- [How to complete this task]
Give the records below again, word for word. No pictures belong in the copy.

- [Records shown]
──────────────────────────────

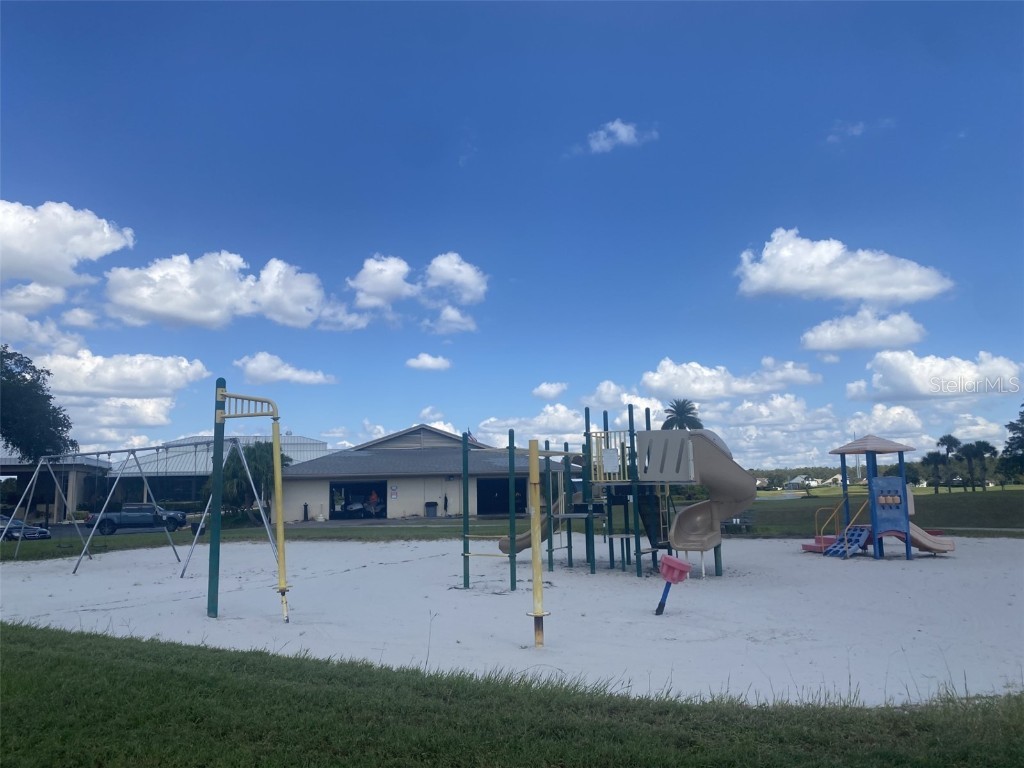  Orlando FL 32822 S5135054 image62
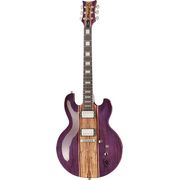 Diamond Guitars Imperial ST TP Diamond Guitars Imperial ST TP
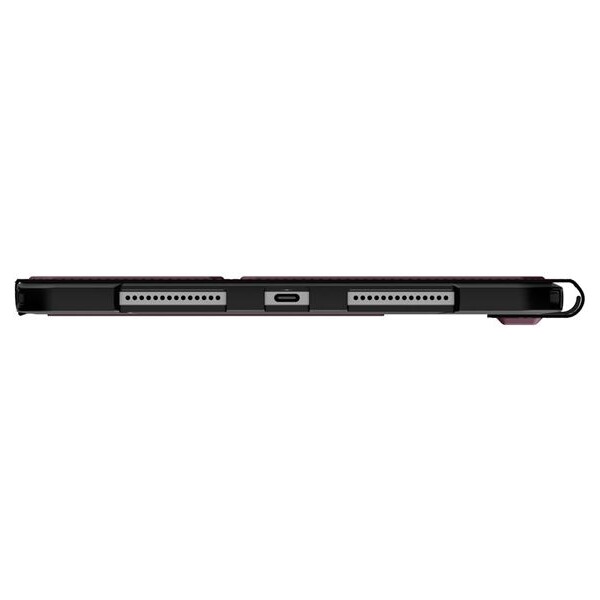 UAG-Metropolis-SE-pouzdro-iPad-Pro-11-2025-vinove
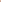 Rimmel- Bronzing palette ,  0.65oz, 18.5g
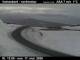 Vatnsskarð (Austurland) So. 17.5.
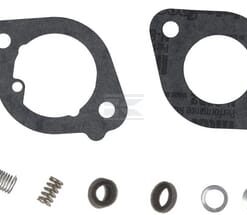 Kit, Carburetor Overhaul
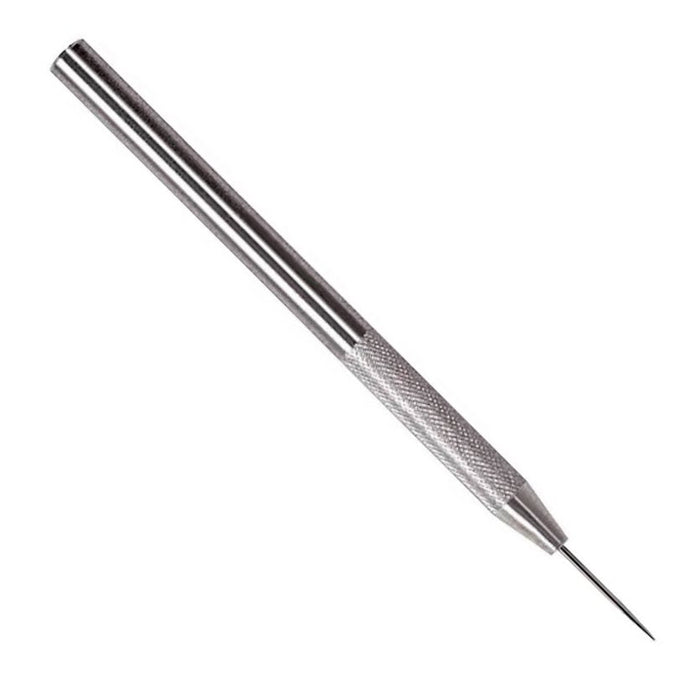 Micro-Mark Needle Point Awl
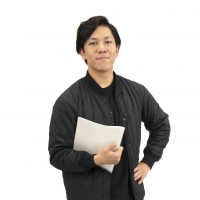 Y ．H 評判・口コミ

──────────────────────────────

- [Task result]
  Orlando FL 32822 S5135054 image62
 Diamond Guitars Imperial ST TP Diamond Guitars Imperial ST TP
 UAG-Metropolis-SE-pouzdro-iPad-Pro-11-2025-vinove
 Rimmel- Bronzing palette ,  0.65oz, 18.5g
 Vatnsskarð (Austurland) So. 17.5.
 Kit, Carburetor Overhaul
 Micro-Mark Needle Point Awl
 Y ．H 評判・口コミ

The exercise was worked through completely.